I had a suspicion this would be the case. RC teaching leaves the door open to the possibility that Paul wasn’t all, or even mostly, right when he challenged Peter’s shunning of gentile believers.
However did I manage to guess correctly? [And note that they somehow found a ‘Protestant’ to support their position—as if that makes it right. Smh.]
‘Its not even certain that Paul was totally right and Peter completely wrong. The prominent Protestant scholar James D. G. Dunn wrote about this question (Unity and Diversity in the New Testament, London: SCM Press, 2nd edition, 1990, 253-254), and pointed out that because we have only Pauls report, we cant finally decide who was right and wrong.

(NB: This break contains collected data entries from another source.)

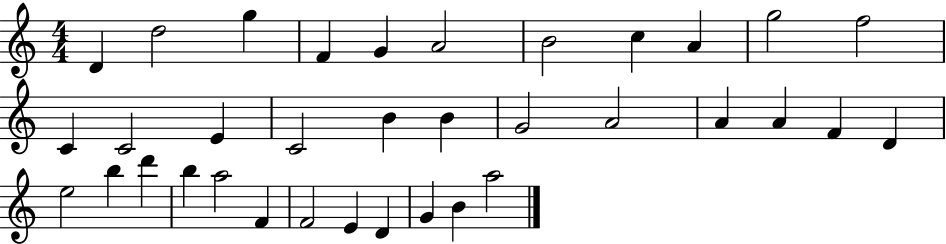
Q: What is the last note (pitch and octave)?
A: A5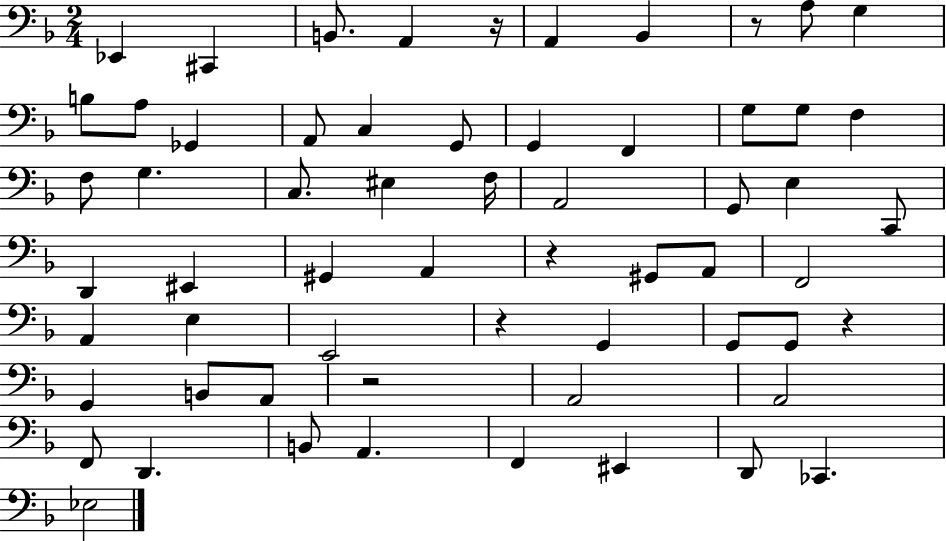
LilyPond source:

{
  \clef bass
  \numericTimeSignature
  \time 2/4
  \key f \major
  ees,4 cis,4 | b,8. a,4 r16 | a,4 bes,4 | r8 a8 g4 | \break b8 a8 ges,4 | a,8 c4 g,8 | g,4 f,4 | g8 g8 f4 | \break f8 g4. | c8. eis4 f16 | a,2 | g,8 e4 c,8 | \break d,4 eis,4 | gis,4 a,4 | r4 gis,8 a,8 | f,2 | \break a,4 e4 | e,2 | r4 g,4 | g,8 g,8 r4 | \break g,4 b,8 a,8 | r2 | a,2 | a,2 | \break f,8 d,4. | b,8 a,4. | f,4 eis,4 | d,8 ces,4. | \break ees2 | \bar "|."
}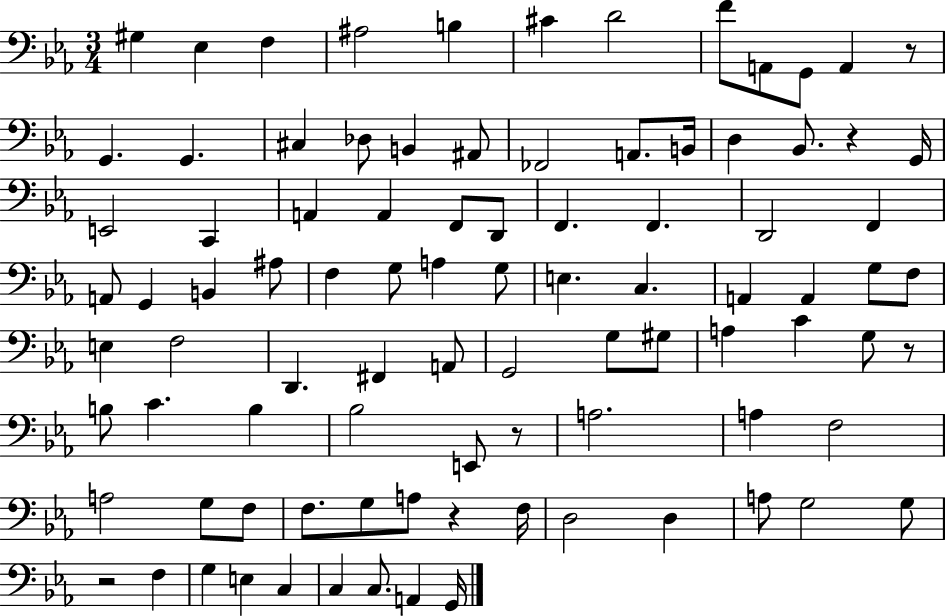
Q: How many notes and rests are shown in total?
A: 92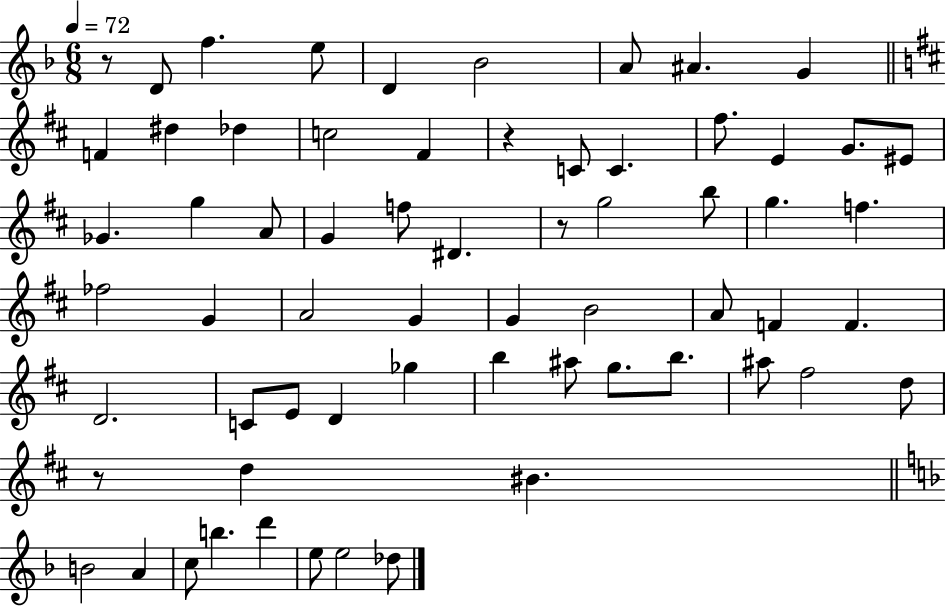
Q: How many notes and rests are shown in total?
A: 64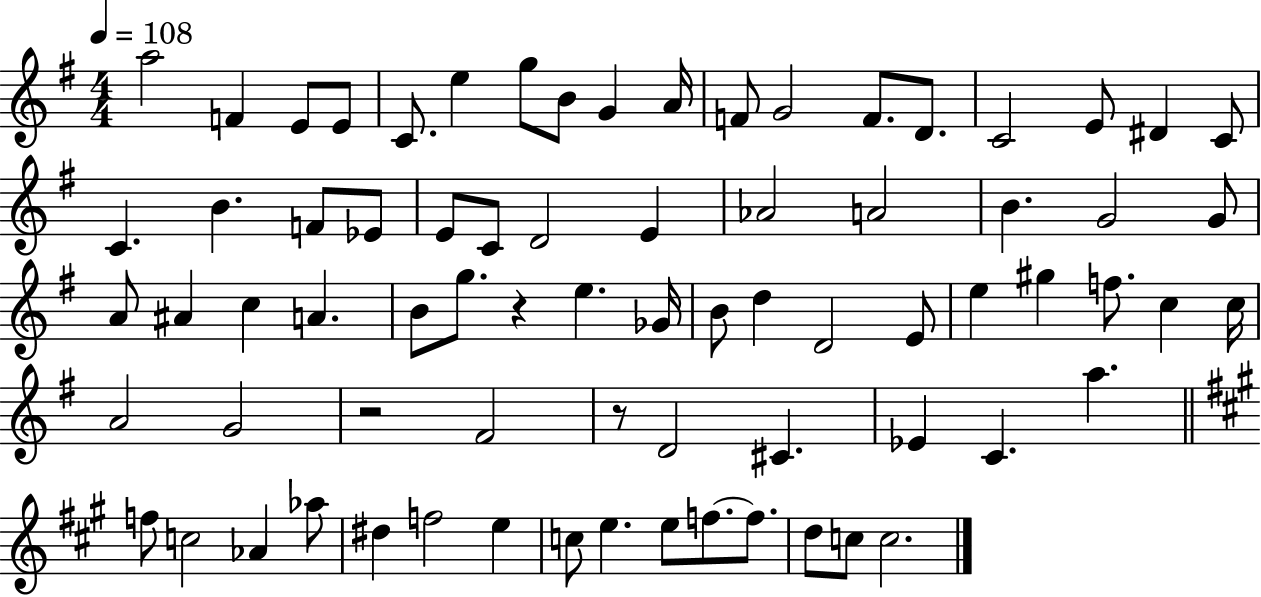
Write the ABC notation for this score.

X:1
T:Untitled
M:4/4
L:1/4
K:G
a2 F E/2 E/2 C/2 e g/2 B/2 G A/4 F/2 G2 F/2 D/2 C2 E/2 ^D C/2 C B F/2 _E/2 E/2 C/2 D2 E _A2 A2 B G2 G/2 A/2 ^A c A B/2 g/2 z e _G/4 B/2 d D2 E/2 e ^g f/2 c c/4 A2 G2 z2 ^F2 z/2 D2 ^C _E C a f/2 c2 _A _a/2 ^d f2 e c/2 e e/2 f/2 f/2 d/2 c/2 c2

Dunn thinks the internal evidence of the passage provides clues suggesting that even Paul himself didnt think he was decisively correct, over against Peter:
[I]f Paul had won, and if Peter had acknowledged the force of his argument, Paul would surely have noted this, just as he had strengthened his earlier position by noting the approval of the pillar apostles in 2.7-10.
Dunn even goes so far as to assert: it is quite likely that Paul was defeated at Antioch, that the church as a whole at Antioch sided with Peter rather than with Paul (italics his own). If this is true, then obviously, the incident would provide no disproof for the papacy at all. Dunn notes that Paul also seemed to change his tune later on:
[I]t can hardly go unnoticed that Pauls advice to such communities in I Cor. 8,10.23 11.1, and Rom. 14.1 15.6 (not to mention his own practice according to Acts 21.20-26) is more in line with the policy of Peter and Barnabas at Antioch than in accord with his own strongly worded principle in Gal. 1.11-14!’
(I never heard of Dunn, btw, but from this excerpt he sounds like a lightweight.)
http://www.themichigancatholic.org/2016/04/pauls-rebuke-peter-prove-peter-wasnt-infallible/
Okay, I educated myself re the James Dunn who isn’t convinced Paul was altogether right in rebuking Peter. I am now able to offer a one word summary:
Liberal.
The longer version: Liberal as the day is long.